The first time Benni McCarthy got into the 18-yard area and it mattered, there was perfect symmetry because he 18 years old. It was 1995 and he was playing for the now-defunct Seven Stars football club in Cape Town, South Africa. It was his only league goal that season but it was the one that put him on the professional football map.
He was a kid from a poor town, Hanover Park, where the living was rough and the prospects few, but he had talent. So much so that when the club folded, they took him to their new 18 area, Ajax Cape Town, formed as a feeder side to the Dutch team of the same name.
He was noticed at national level, played in the African and FIFA Youth Championships and joined the parent club in Holland. Incidentally he also made his international debut against that country.
In his first season, they won the league and he found himself successful in their 18 area nine times. He looked every bit the next best thing and in 1998, he told us so.
Benni went into a different kind of 18 area that year. As South Africa prepared to participate in the World Cup for the first time, Benni collaborated with popular kwaito group TKZee and rapped the lyrics to a song about himself.
To a sample of Europe’s “Final Countdown," Benni and the band coined "Shibobo” (which means to shoot the ball between someone’s legs) and the song was a hit. It sold over 100,000 copies,a big deal for small country and its most memorable line was simply “Benni in the 18 area.”
It brought back memories of his stunning run at the African Nations Cup months before, when he was the joint top-scorer with seven goals. It brought back memories of his four against Namibia in 13 minutes and it prophesised about the goals to come.
The equaliser against Denmark at the World Cup which ensured South Africa still had a chance to qualify for the second round. The 12 goals for Porto in the 2002-03 season which help them seal third place. And that header. The one that towered past Manchester United’s Tim Howard to give Porto a 2-1 win and pave the way for them to be crowned European champions.
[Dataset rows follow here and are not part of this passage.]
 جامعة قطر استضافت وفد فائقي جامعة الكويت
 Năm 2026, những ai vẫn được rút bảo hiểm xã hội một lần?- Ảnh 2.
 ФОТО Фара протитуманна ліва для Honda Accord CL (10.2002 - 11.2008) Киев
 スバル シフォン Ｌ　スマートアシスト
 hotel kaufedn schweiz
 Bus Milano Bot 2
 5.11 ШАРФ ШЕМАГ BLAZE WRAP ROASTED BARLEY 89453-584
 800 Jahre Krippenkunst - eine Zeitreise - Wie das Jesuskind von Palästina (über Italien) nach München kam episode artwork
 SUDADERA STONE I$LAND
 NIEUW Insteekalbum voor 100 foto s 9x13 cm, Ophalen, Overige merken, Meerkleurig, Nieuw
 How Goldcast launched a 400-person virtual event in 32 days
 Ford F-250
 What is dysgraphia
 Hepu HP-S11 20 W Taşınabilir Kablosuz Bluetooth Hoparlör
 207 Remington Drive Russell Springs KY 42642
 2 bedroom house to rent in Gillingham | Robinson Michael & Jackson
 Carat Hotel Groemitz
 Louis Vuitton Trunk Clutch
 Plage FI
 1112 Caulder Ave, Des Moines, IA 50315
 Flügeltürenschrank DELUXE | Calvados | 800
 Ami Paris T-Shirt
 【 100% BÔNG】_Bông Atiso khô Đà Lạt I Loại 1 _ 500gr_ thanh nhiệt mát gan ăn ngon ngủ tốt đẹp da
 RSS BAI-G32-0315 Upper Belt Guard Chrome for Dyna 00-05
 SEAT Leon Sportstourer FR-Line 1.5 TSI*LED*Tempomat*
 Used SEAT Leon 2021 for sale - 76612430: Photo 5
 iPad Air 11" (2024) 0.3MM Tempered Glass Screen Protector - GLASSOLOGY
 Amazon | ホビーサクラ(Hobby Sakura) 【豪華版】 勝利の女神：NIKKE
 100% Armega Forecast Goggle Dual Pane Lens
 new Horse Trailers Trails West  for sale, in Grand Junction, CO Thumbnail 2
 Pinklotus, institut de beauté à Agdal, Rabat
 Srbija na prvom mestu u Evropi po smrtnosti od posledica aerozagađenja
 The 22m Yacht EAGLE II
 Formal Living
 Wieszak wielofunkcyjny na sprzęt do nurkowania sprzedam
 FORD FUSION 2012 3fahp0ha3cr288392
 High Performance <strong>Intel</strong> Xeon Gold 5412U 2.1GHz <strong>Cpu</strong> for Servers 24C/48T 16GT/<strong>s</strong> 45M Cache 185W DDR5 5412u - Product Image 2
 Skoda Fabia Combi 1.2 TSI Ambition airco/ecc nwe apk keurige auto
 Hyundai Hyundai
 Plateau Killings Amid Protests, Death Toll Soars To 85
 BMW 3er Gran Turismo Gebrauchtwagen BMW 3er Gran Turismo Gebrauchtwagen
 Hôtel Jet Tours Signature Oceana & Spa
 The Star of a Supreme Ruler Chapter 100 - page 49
McCarthy, 35, remains the only South African footballer to have won that competition, the only one to claim to a league title in three different countries -- Holland, Portugal and his homeland -- the only one to have commanded a fee as high as $8 million when transferred to Spanish side Celta Vigo and the only one to appear on the cover of Time magazine.
Those reasons would be enough to call him the best footballer the country has ever produced, but add that he is the highest scorer and there cannot be any more debate. His goal against Paraguay in a friendly in 2008 saw him leapfrog Shaun Bartlett. He ended his international career with 31 goals, but it did not end as well as it started.
His well-publicised battle of the bulge, which eventually ended his dealings in the English Premiership, came back to haunt him as he hoped to play in the country's home World Cup. Fitness and form concerns meant McCarthy was left out of the squad for the 2010 World Cup but he went on resurrect his career in the land of his birth.
He was contracted by Orlando Pirates and his last memorable strike in the 18 area was his brace against Golden Arrows at the end of the 2011-12 season, which secured the South Africa league title for the team he said he always wanted to play for. Injuries forced him out of a lot of what turned out to be his final season.
Now the only 18 area Benni will be in is if he is demonstrating something to players he hopes to coach. He will occasionally appear in areas of other sizes, as a television commentator and a celebrity add-on at important functions. But he has a left a legacy that goes far beyond that space which South Africa's next generation of footballers.